- **GOAL OF THE EXERCISE**: With pictures omitted, copy exactly the lines from the one containing "Image of Radcliffe" through the end of the records below.

----

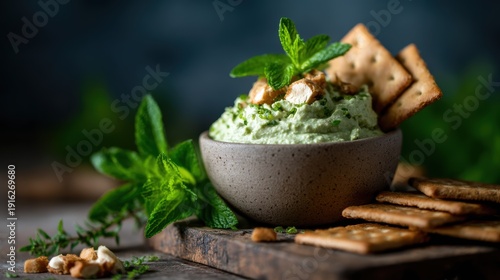 A vibrant bowl of creamy herb dip is beautifully garnished with fresh mint leaves, served alongside crispy crackers for a delicious appetizer experience.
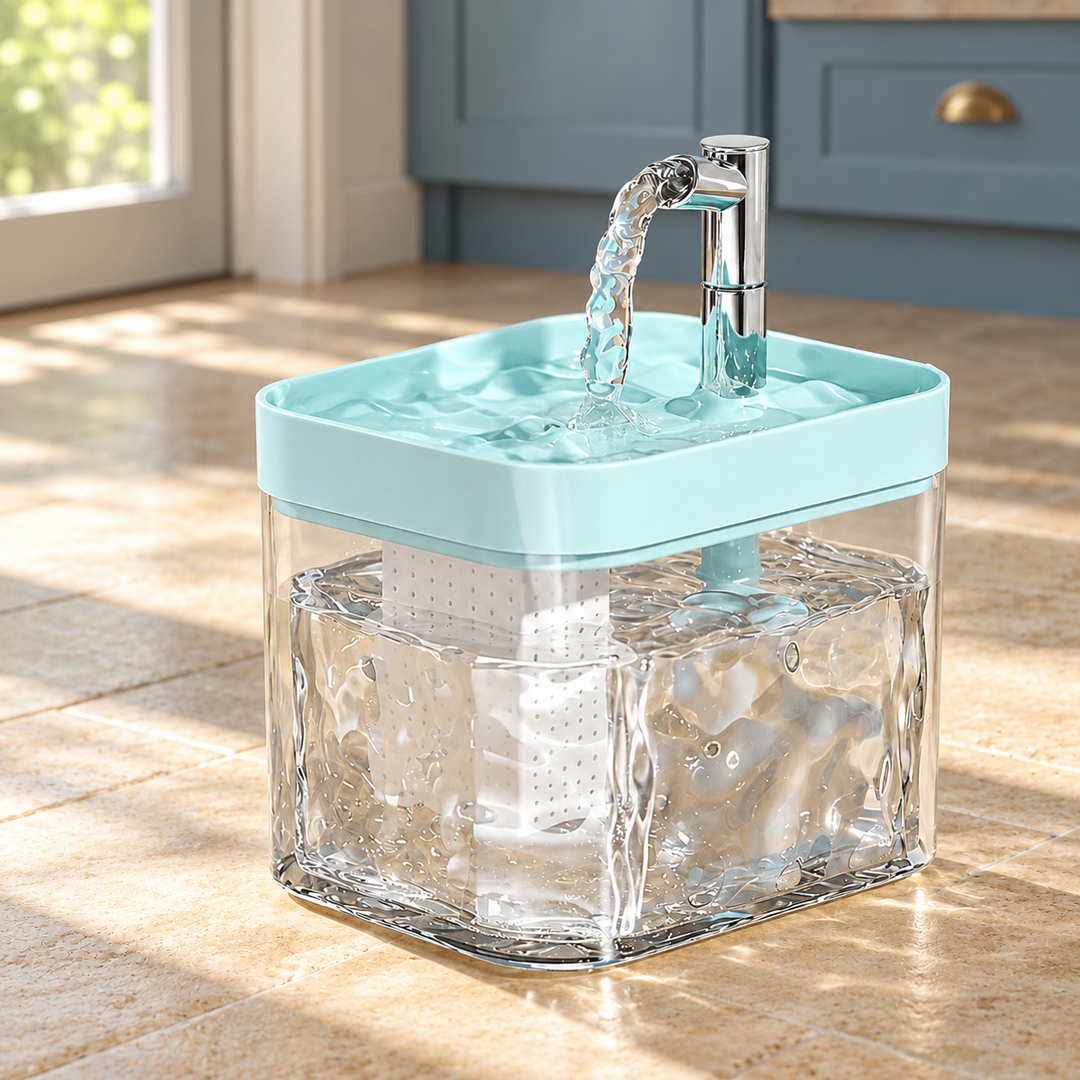 Blue AquaArc fountain in a naturally lit home setting, with its original tank, top tray and outlet configuration.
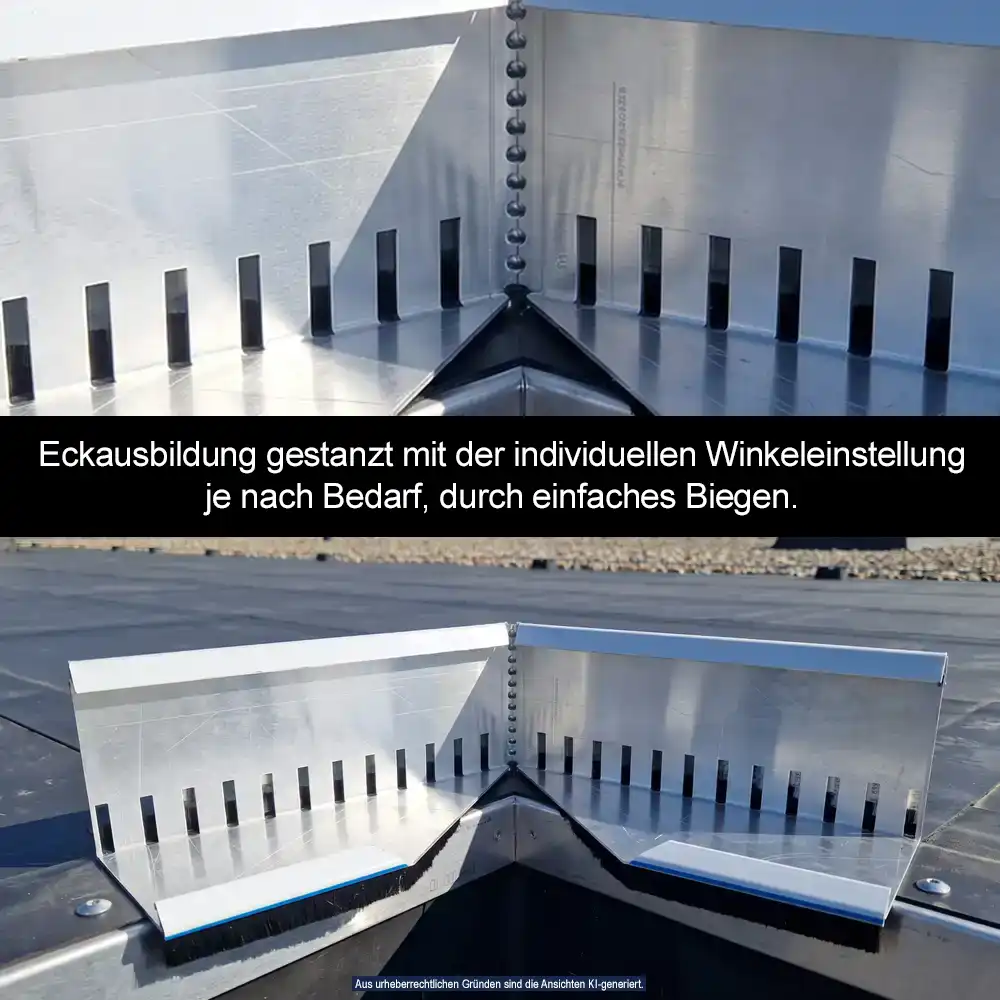Eckausbildung gestanzt mit der individuellen Winkeleinstellung je nach Bedarf, durch einfaches Biegen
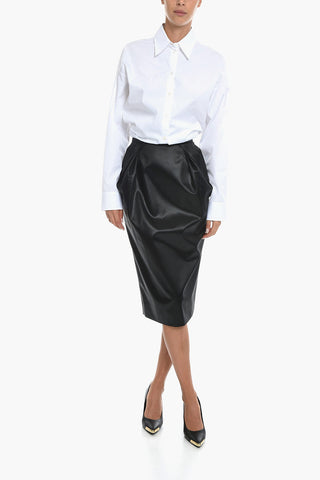 MM1 Single-pleated Cotton Satin Longuette with Back Split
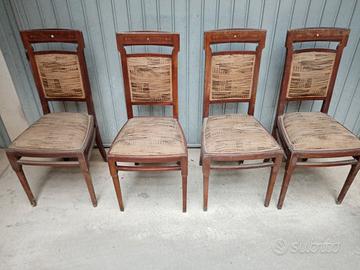 4 SEDIE ANTICHE originali primi 900 stile liberty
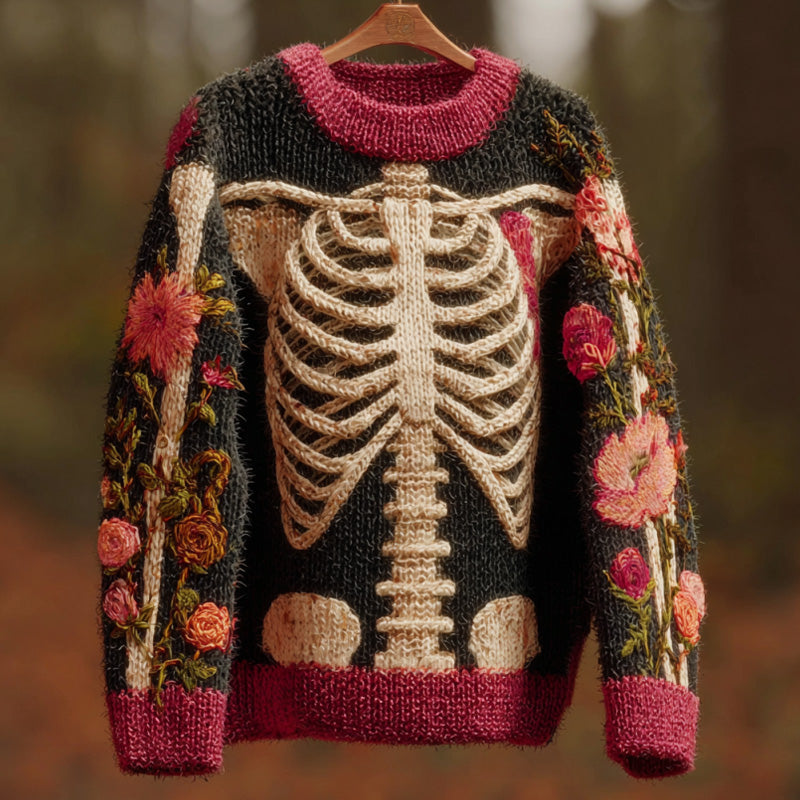 Vintage Halloween Human Anatomy Art Sense Thick Needle Round Neck Sweater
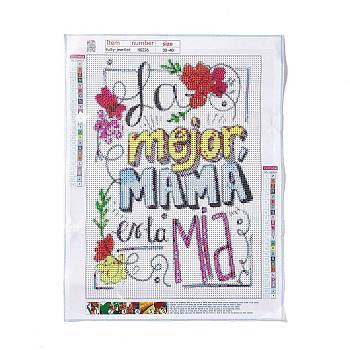DIY Mother's Day Theme Full Drill Diamond Painting Canvas Kits, with Resin Rhinestones, Diamond Sticky Pen, Plastic Tray Plate and Glue Clay, Mother's Day Themed Pattern, 400x307x0.2mm
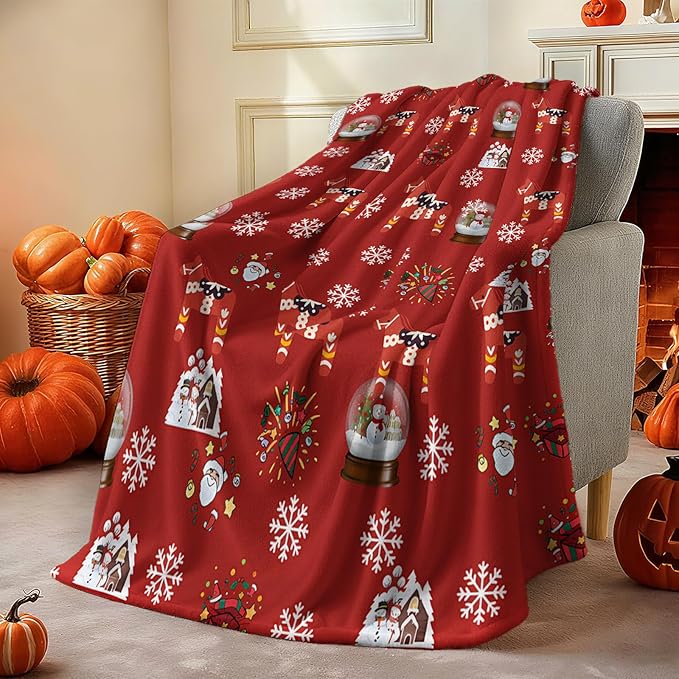 COMFAR Cute Christmas Blankets and Throws for Adults/Women/Boys/Kids, Holiday Fleece Throw Blanket for Couch/Sofa, Holiday Decor, Christmas Decorations/Gifts 50"x 60"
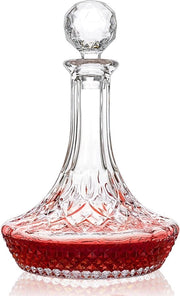 Caraffa di vetro con stop, caraffa cristallina senza piombo per whisky, bourbon e vino rosso, idea regalo per feste, compleanni, matrimoni, anniversari, elegante scatola di regalo, 1250 ml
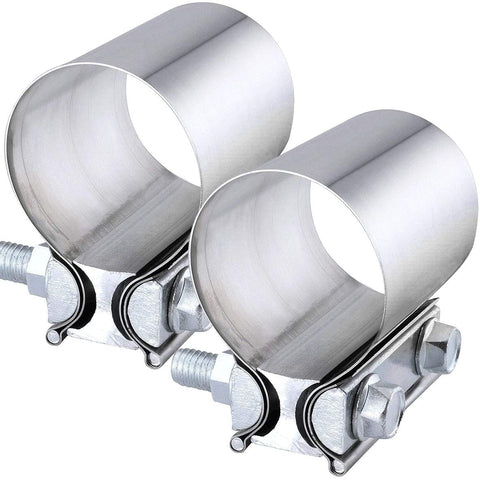 EVIL ENERGY Exhuast Clamp,Butt Joint Band Clamp Sleeve Coupler Stainless Steel (3.0 Inch,2Pcs)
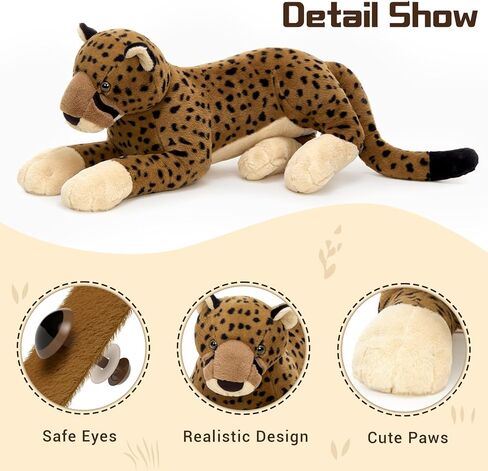 MaoGoLan Large Cheetah Stuffed Animal for Boy, Giant Cheetah Plush Toy for Girl, Ridable Stuffy Leopard for Kid, Stuffed Leopard Plush Pillow for Baby Shower, Birthday Gifts or Party Favor, 53 inches in Kuwait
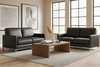 Image of Radcliffe Contemporary Leather Track Arm Loveseat
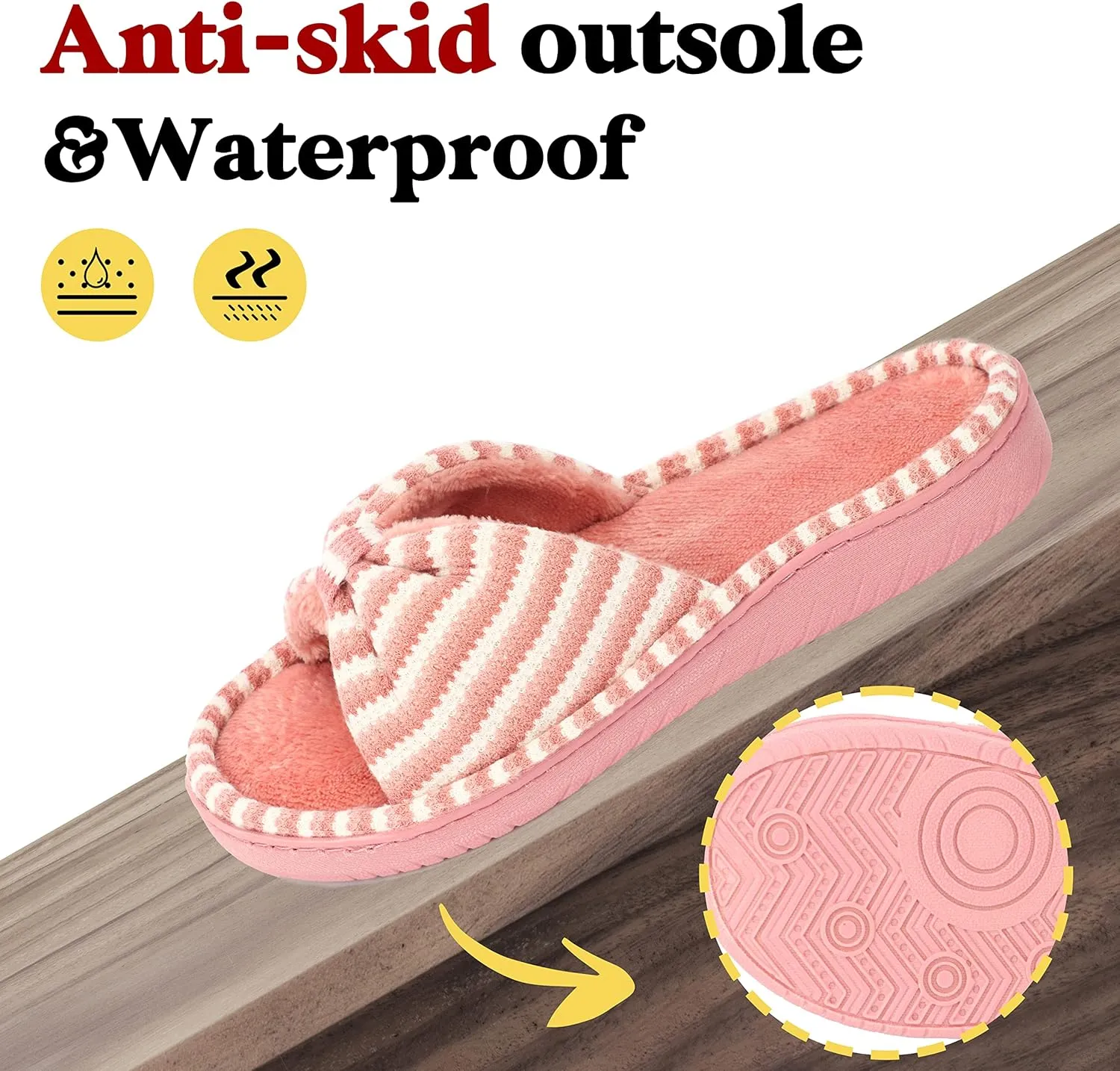 Women Summer Slippers Open Toe Slippers Memory Foam Anti-slip House Shoes Indoor Outdoor Christmas Gifts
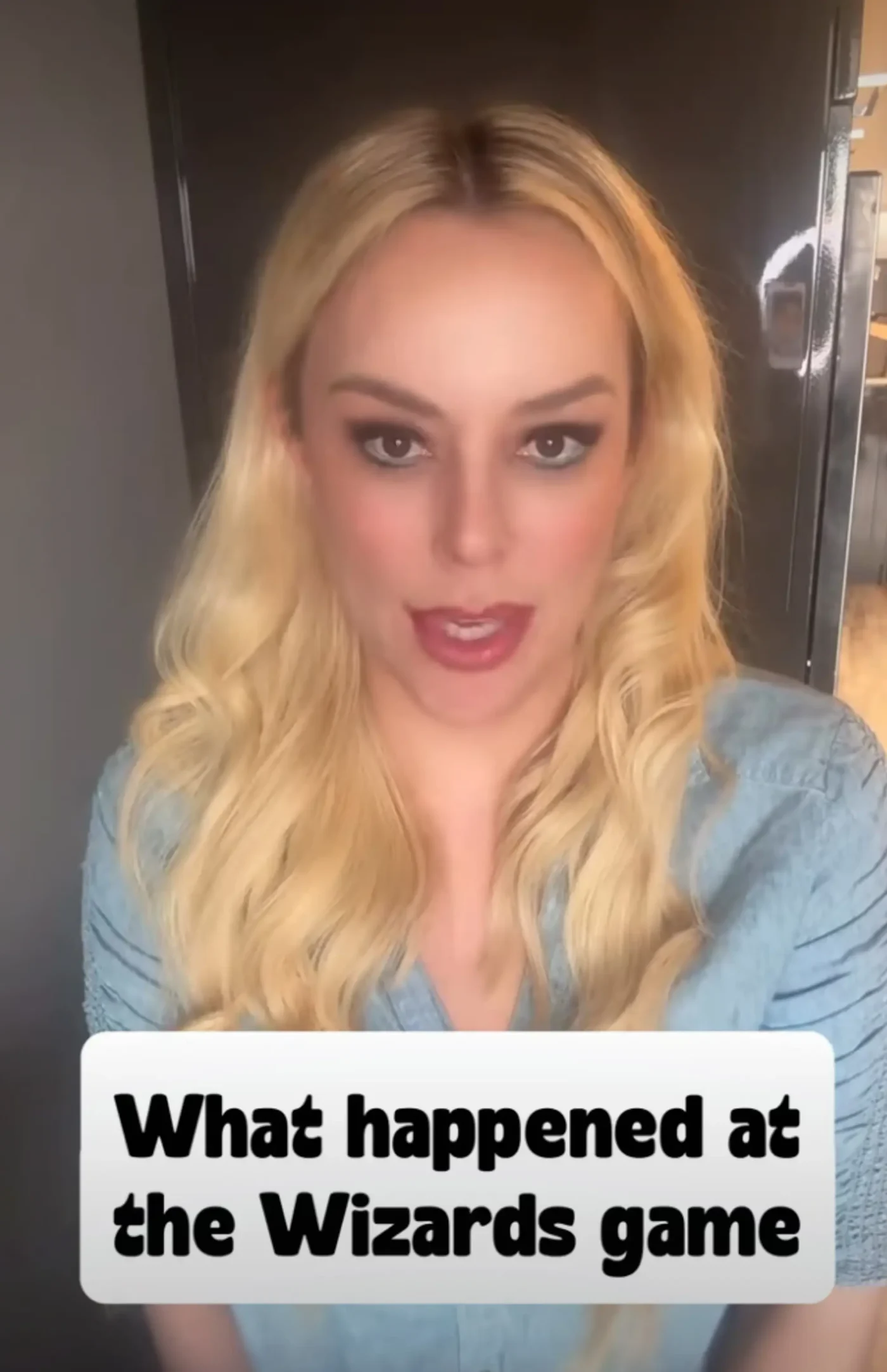 Britt McHenry speaking with text overlay reading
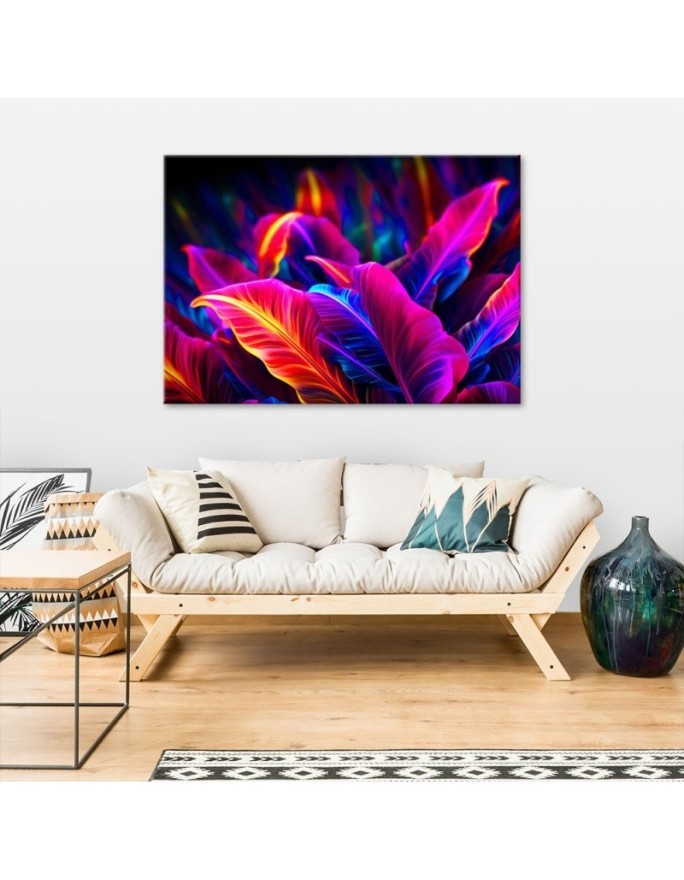 Modern canvas print - Neon leaves | FEEBY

----

- **SOLUTION TO THE EXERCISE**:
 Image of Radcliffe Contemporary Leather Track Arm Loveseat
 Women Summer Slippers Open Toe Slippers Memory Foam Anti-slip House Shoes Indoor Outdoor Christmas Gifts
 Britt McHenry speaking with text overlay reading
 Modern canvas print - Neon leaves | FEEBY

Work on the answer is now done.